▸ Exercise instructions
Keep the wording of the records intact as you retype them, and omit every image.

▸ Data for the task
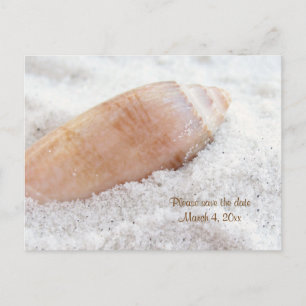Beach Seashell Save the Date Wedding Postcard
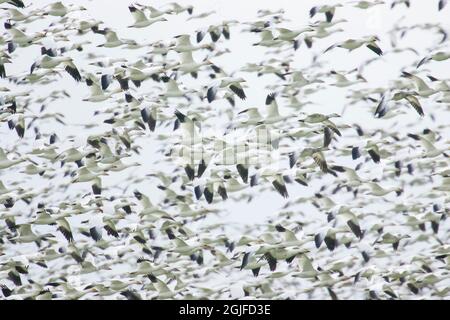 La Conner, Washington, USA. Riesige, dichte Schar von Schneegänsen (Chen caerulescens), die fliegen. Stockfoto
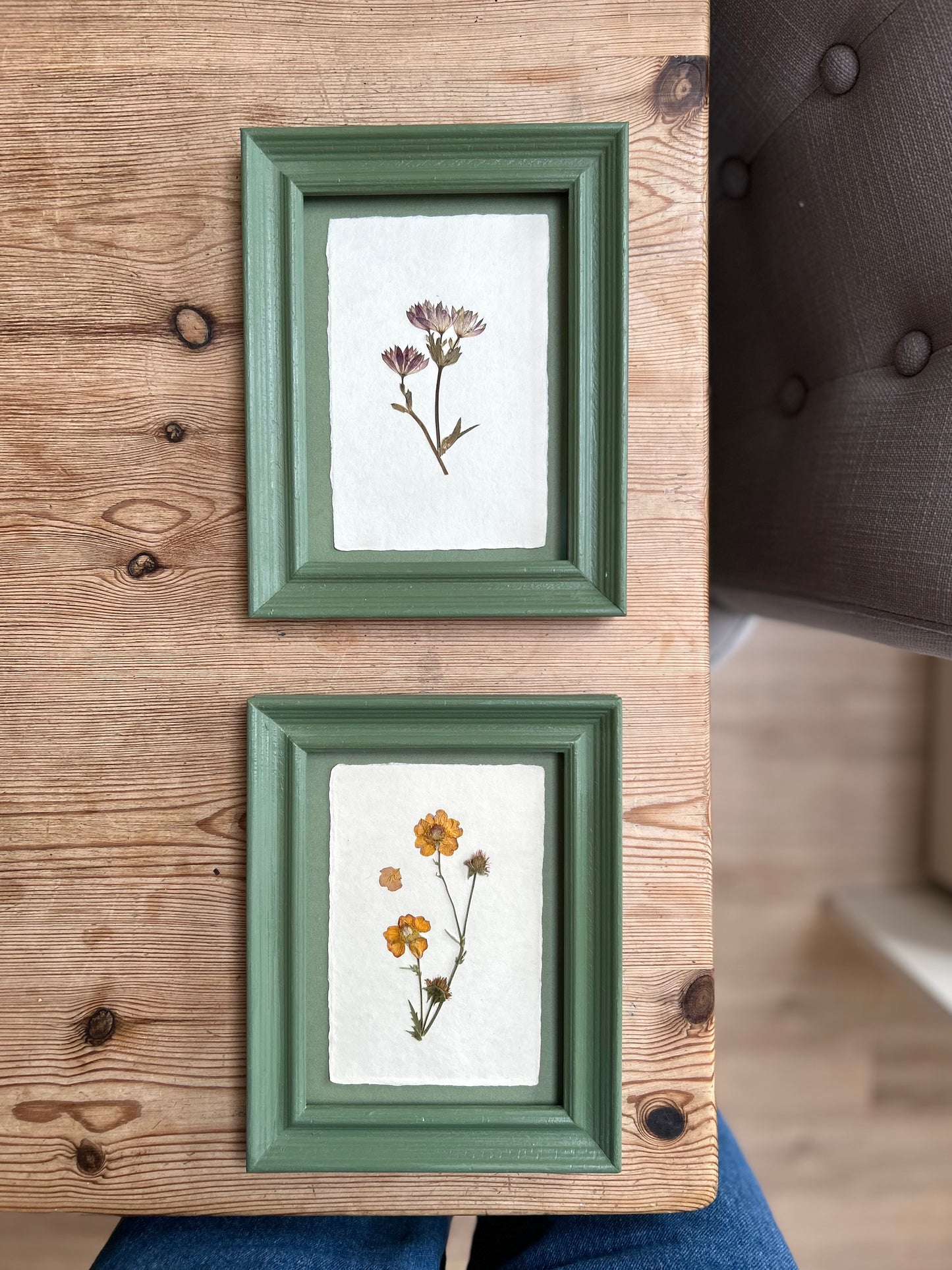 Clove at Home, ‘Pressed Astrantia Framed in Green' 2025
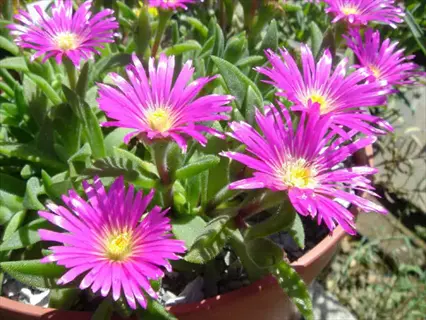 pink ice plant delosperma flowers blooming in a terracotta pot
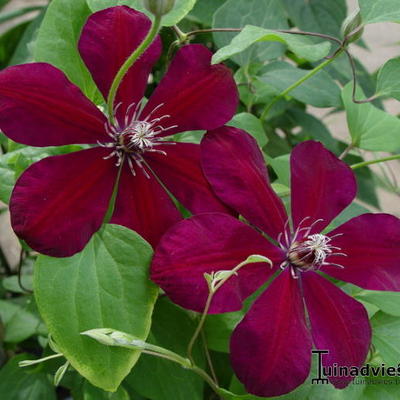 Clematis - 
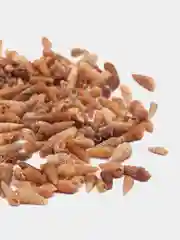 РАКУШКИ мини-спираль, фр. 0,3-1 см, 5 гр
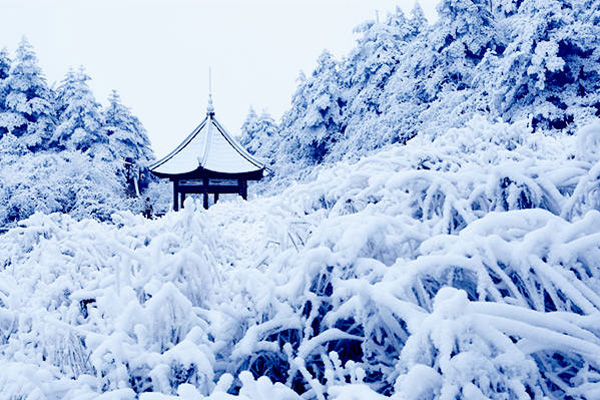 《雪花赋》的作家隆光诚是【大众原创诗词曲网】签约作家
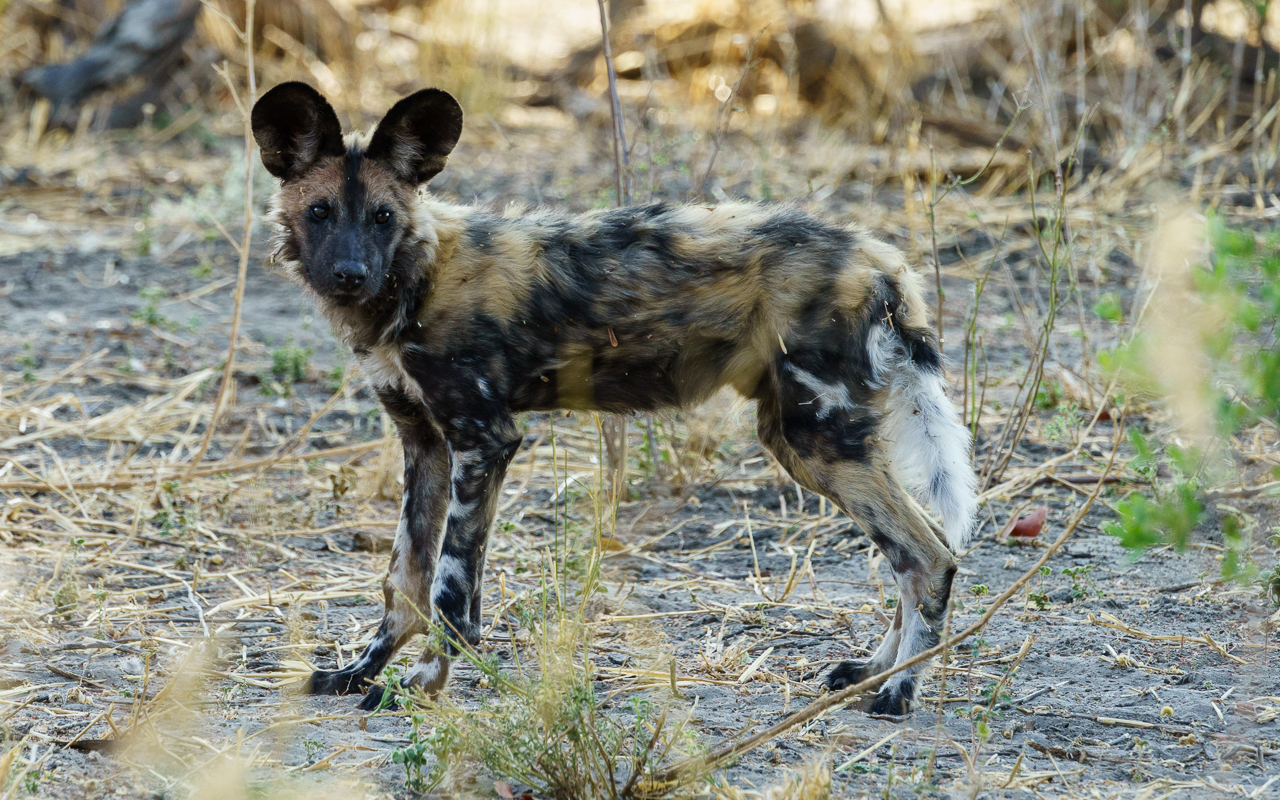 botswana-reisebericht-savuti-junger-wild-dog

▸ Answer below
Beach Seashell Save the Date Wedding Postcard
 La Conner, Washington, USA. Riesige, dichte Schar von Schneegänsen (Chen caerulescens), die fliegen. Stockfoto
 Clove at Home, ‘Pressed Astrantia Framed in Green' 2025
 pink ice plant delosperma flowers blooming in a terracotta pot
 Clematis - 
 РАКУШКИ мини-спираль, фр. 0,3-1 см, 5 гр
 《雪花赋》的作家隆光诚是【大众原创诗词曲网】签约作家
 botswana-reisebericht-savuti-junger-wild-dog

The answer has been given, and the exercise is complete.